Once the Statement is finally submitted, the trial judge has to actually respond to every argument. And he's going to take his sweet time responding because he's about to start another trial which he isn't about to postpone for the third time just so he can respond to your long-shot motion, so add another couple months onto that. Once he's explained why your arguments are bullshit, you have to file a brief in support of your motion, which you nominally have 30 days to do but which you're going to ask for an extension on because you've raised so many issues that you need time to properly research the issues and apply the law to the facts in this monster transcript. And the prosecution again raises no opposition, because they don't exactly have an attorney assigned to handling this appeal and the trial team are all busy trying to incarcerate criminals who aren't in jail indefinitely and don't have the time to spend going through that 11,000 page transcript themselves and countering all of your arguments. After all, if they contest your motion then you're not exactly going to be inclined to grant them any extensions, which means their brief would be dogshit and you'd waive oral argument while the appeals court remands the case for a new trial and they're back to square one. So you get your extension. And since you got your extension, you're in no position to request their request for an extension, and they get one as well. And once you get their brief you now have 14 days to file a reply brief, which you probably don't do unless they made a particularly bad argument, but anyway. Now, a year and a half after sentencing, we're finally at the point where the case can even get scheduled for argument.

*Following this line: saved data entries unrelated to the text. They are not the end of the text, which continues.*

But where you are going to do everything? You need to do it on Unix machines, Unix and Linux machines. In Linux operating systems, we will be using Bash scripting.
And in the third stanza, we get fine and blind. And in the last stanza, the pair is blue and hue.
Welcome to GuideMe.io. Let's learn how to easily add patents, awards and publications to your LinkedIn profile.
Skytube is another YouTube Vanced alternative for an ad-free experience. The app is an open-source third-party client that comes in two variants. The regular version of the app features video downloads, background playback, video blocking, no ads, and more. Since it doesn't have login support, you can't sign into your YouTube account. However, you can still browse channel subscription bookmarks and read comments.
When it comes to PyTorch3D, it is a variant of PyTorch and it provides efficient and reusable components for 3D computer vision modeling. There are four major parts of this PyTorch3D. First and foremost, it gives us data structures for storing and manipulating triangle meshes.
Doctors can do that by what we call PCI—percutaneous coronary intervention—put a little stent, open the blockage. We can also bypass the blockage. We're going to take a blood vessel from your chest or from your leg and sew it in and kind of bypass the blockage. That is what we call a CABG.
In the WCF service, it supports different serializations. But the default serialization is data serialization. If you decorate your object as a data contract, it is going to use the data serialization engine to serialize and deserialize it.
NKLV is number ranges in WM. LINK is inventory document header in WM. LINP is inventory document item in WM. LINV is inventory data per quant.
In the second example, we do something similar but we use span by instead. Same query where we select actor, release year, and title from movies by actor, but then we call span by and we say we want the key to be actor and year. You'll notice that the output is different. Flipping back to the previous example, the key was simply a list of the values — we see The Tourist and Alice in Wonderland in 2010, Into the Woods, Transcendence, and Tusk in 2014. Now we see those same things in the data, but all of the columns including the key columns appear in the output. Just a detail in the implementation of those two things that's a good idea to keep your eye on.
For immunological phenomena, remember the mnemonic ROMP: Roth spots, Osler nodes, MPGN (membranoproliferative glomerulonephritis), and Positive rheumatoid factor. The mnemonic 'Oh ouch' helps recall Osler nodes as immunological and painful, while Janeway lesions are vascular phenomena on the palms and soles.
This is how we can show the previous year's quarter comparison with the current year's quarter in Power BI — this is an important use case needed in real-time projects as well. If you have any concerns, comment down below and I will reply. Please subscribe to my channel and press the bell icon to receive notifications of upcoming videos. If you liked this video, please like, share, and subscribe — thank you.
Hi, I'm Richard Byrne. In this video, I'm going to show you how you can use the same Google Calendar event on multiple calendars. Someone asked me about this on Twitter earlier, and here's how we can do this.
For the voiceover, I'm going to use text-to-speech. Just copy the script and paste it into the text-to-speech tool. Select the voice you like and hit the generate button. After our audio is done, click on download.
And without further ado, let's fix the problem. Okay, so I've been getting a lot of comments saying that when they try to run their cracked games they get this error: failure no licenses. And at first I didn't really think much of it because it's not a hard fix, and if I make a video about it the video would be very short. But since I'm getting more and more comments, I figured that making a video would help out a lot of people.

The upshot is that it's not so much the court's time that's the problem but the attorneys' time. We can certainly increase the speed of these appeals by hiring dedicated appellate teams for local DA's offices, but these offices don't have the budgets to fully staff their offices as it is. Why would we prioritize these cases? These defendants have already been convicted and are going to be in jail forever and a day regardless of what happens. Every capital case that gets fast tracked means another case gets bumped. Is this really more important than a free speech case? Or a case where there are legitimate questions about illegal searches? Or even a commercial case where the law is genuinely ambiguous? Shouldn't we dedicate what limited resources we have toward prosecuting crimes where the defendants haven't been convicted and might not be? Or do we raise local taxes to give DA's offices more money? That won't sit well in red areas. In Washington County, a rural/exurban county outside of Pittsburgh, the new DA has decided to make a statement by charging every murder he can as a capital case. His first year in office there were 9 murders in a county of about 200,000 people. He charged 5 capital cases, including 1 woman whose only connection to the crime was that her fingerprint had been found on a shell casing. This isn't a particularly large office. He probably could've gotten plea deals on most of these, but instead he has to waste taxpayer money on a quixotic attempt at securing the death penalty in a state that has a moratorium on executions, and that is considering abolishing capital punishment on the grounds that it's an inefficient generator of the bullshit described above.

We can certainly increase the speed of these appeals by hiring dedicated appellate teams for local DA's offices, but these offices don't have the budgets to fully staff their offices as it is.

I greatly doubt that this would actually result in expedited processes. The legal profession is hardly alone in finding that the amount of putative work that exists tends to increase to meet the number of individuals that are doing that work, but it's a stark example of the phenomenon. The United States has no shortage of attorneys, but legal proceedings have tended to increase in length rather than becoming quick and straightforward processes. Much like many of the other issues caused by endless legal wrangling and treating obvious bullshit as worth 120 day waiting periods, these aren't problems with no known solution to man, but problems created by the legal profession and the love its practitioners hold for artificial complication.